Objective: The aim of this study was to examine the association between BMI and risk of incident hypertension among Japanese men and women who are middle-aged and older.
Design: Prospective, population-based cohort study.
Patients: A total of 68 205 nonhypertensive adults (18 336 men and 49 869 women) aged 40–79 years who completed health check-ups in the Ibaraki prefecture, Japan, in 1993 were followed up through 2006. To exclude the impact of BMI change during the follow-up period, a time-dependent covariate Cox proportional hazards model was used to compute the hazard ratios of incident hypertension according to BMI categories. Incident hypertension was defined as a SBP of at least 140 mmHg, a diastolic BP of at least 90 mmHg, and/or hypertensive medication use.

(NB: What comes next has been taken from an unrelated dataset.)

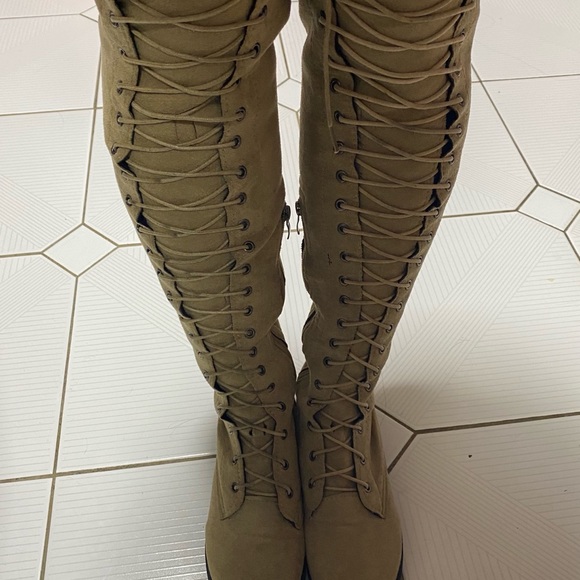 Suede khaki boots size 6.5 - Picture 3 of 3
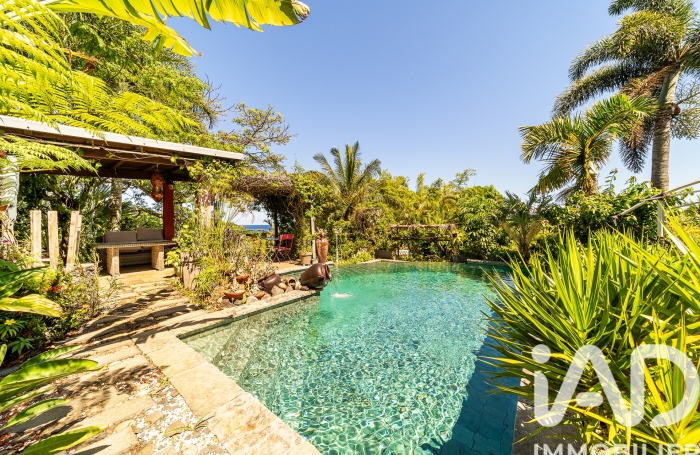 Vente Divers 152m&sup2; 5 pièces Sainte Marie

Results: A total of 30 982 adults (45.4%) developed hypertension (9331 men and 21 651 women) during a mean of 3.9 years of follow-up. Compared with a BMI of less than 19.0, time-dependent covariates adjusted hazard ratios [95% confidence interval (CI)] for hypertension among participants with a BMI of at least 25.0 were 1.42 (1.17–1.73) for men aged 40–59 years, 1.34 (1.19–1.51) for men aged 60–79 years, 1.47 (1.33–1.62) for women aged 40–59 years, and 1.29 (1.18–1.41) for women aged 60–79 years.
Conclusion: The baseline BMI is associated with future risk for incident hypertension even after accounting for weight change during the follow-up period. Weight loss may be recommended to nonhypertensive obese adults to prevent the development of hypertension.